Leave every picture out. Set down all the lines below exactly.

Data excerpt |
- - - -

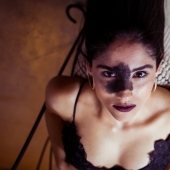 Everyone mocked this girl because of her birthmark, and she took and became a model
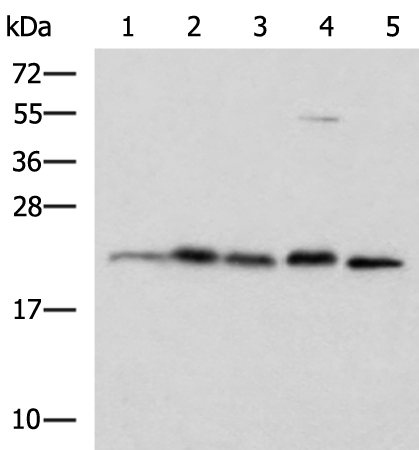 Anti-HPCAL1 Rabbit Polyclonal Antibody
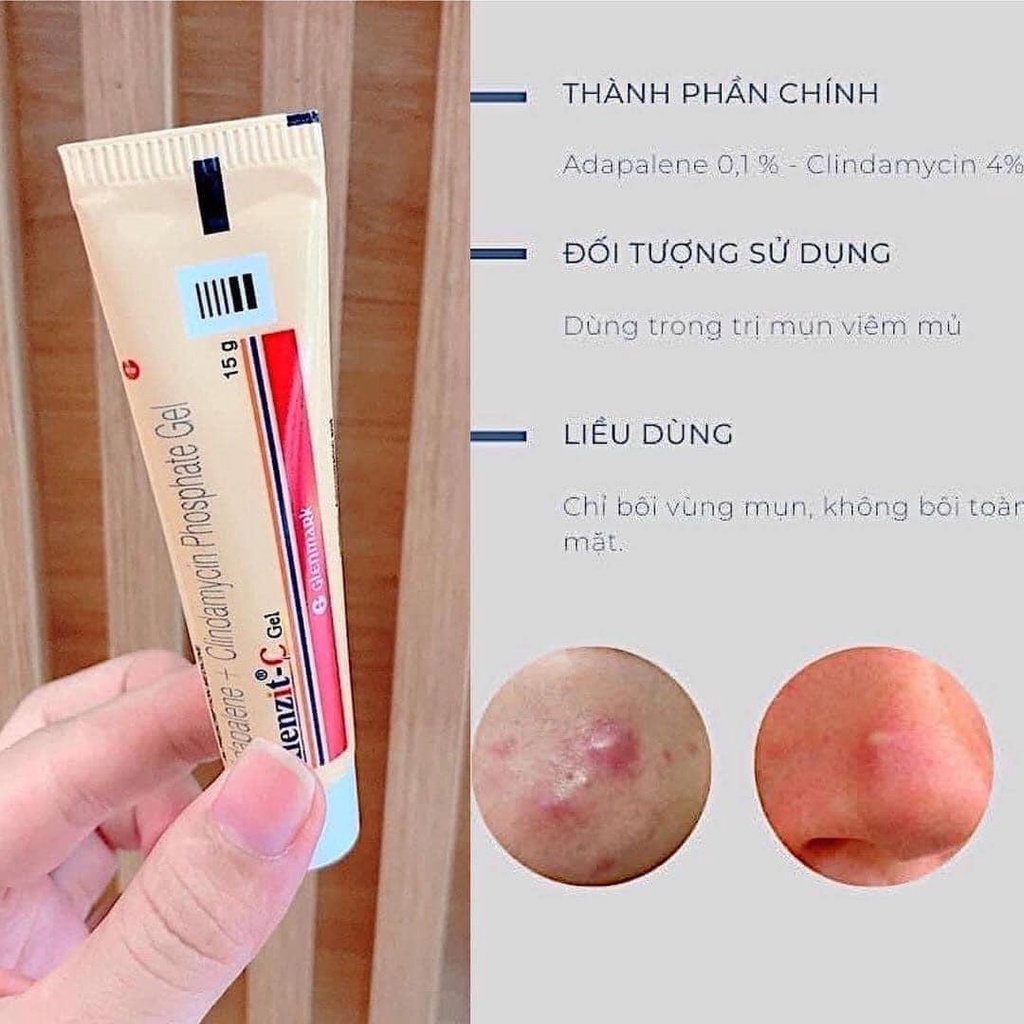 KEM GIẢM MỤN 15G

- - - -

Response area |
 Everyone mocked this girl because of her birthmark, and she took and became a model
 Anti-HPCAL1 Rabbit Polyclonal Antibody
 KEM GIẢM MỤN 15G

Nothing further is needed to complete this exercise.